Task item:
Reproduce exactly only the lines from the line that holds "Free download leaves" to the line that holds "Podere Oslavia Az.Agr.Bio", inclusive, in the listing below, and please leave out every picture.

Records shown:
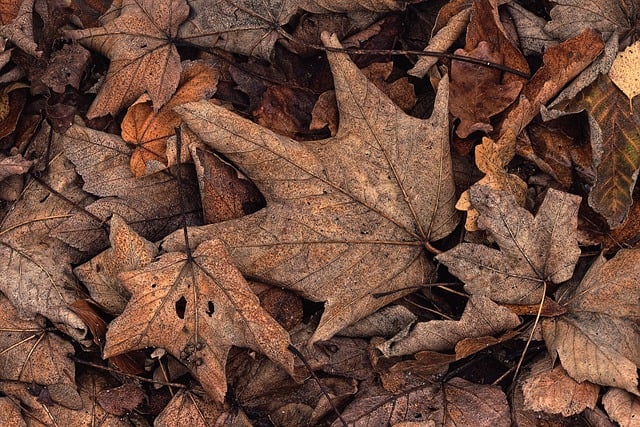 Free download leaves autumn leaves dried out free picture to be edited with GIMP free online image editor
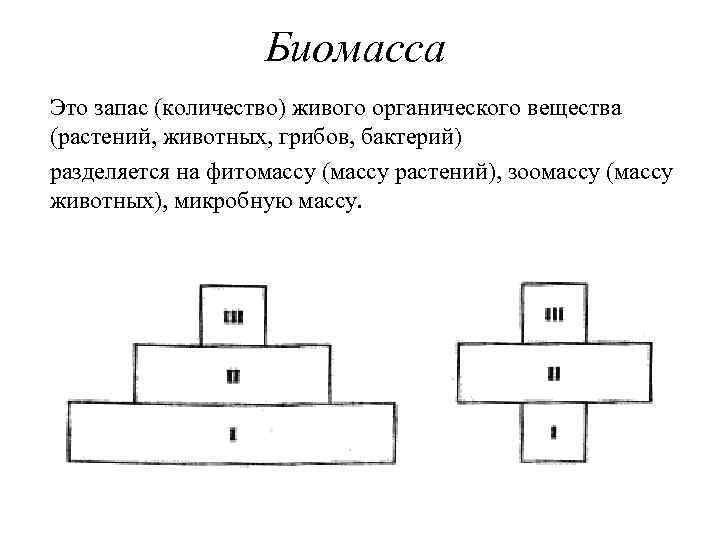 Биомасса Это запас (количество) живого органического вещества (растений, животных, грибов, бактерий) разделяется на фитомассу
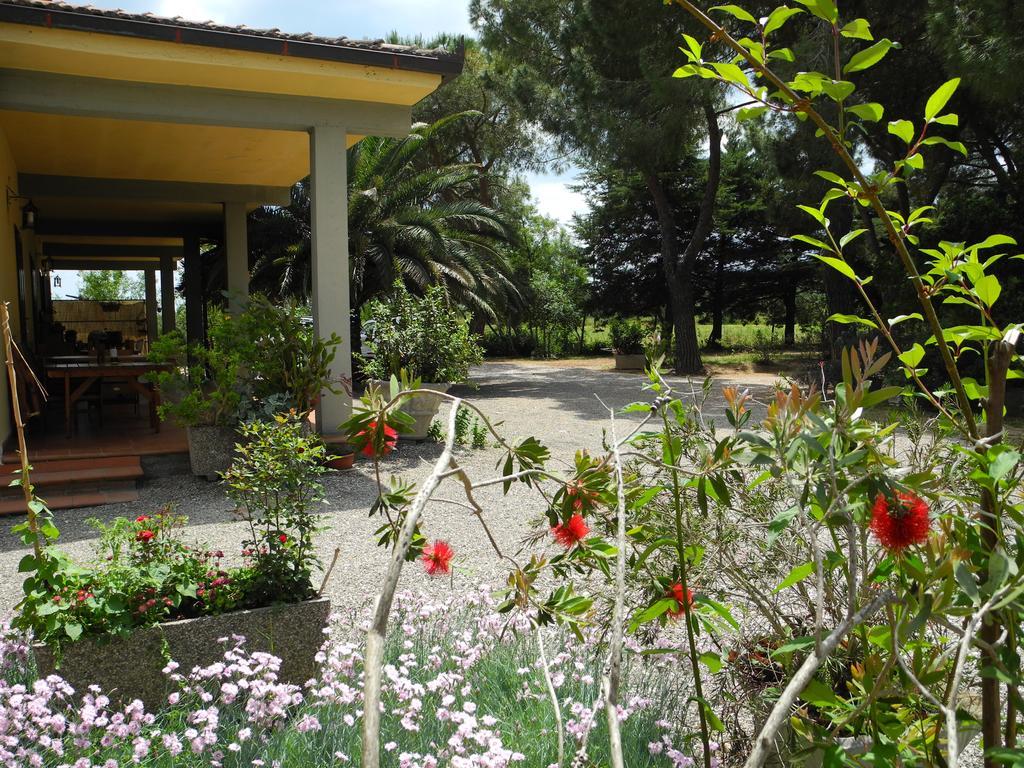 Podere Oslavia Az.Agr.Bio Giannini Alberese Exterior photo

---

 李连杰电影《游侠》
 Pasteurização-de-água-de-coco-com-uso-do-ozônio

* * *

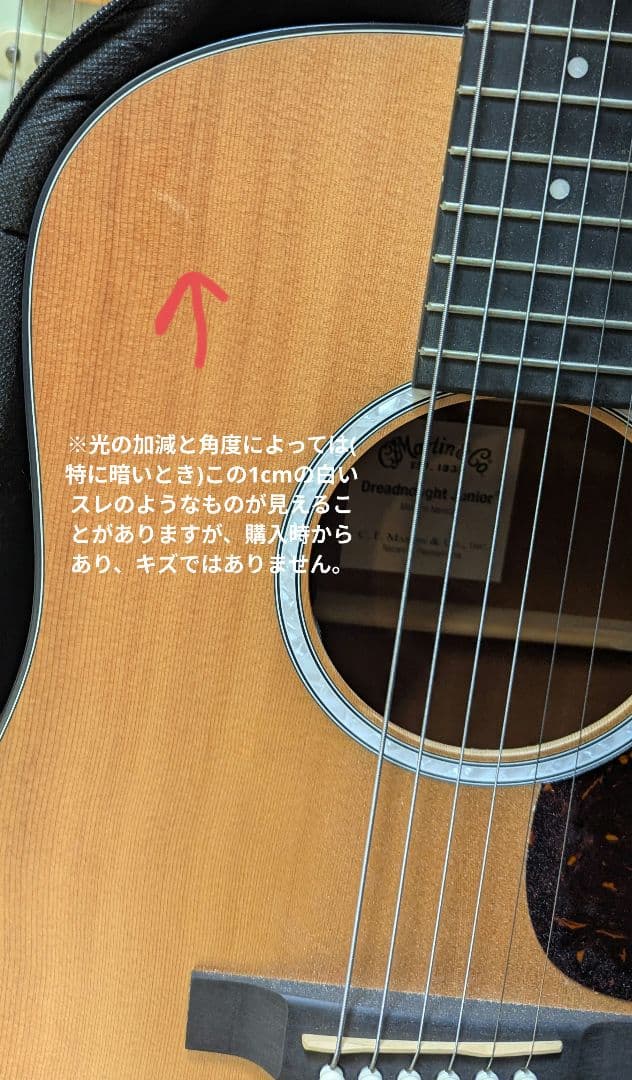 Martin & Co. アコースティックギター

Result of this task:
 Free download leaves autumn leaves dried out free picture to be edited with GIMP free online image editor
 Биомасса Это запас (количество) живого органического вещества (растений, животных, грибов, бактерий) разделяется на фитомассу
 Podere Oslavia Az.Agr.Bio Giannini Alberese Exterior photo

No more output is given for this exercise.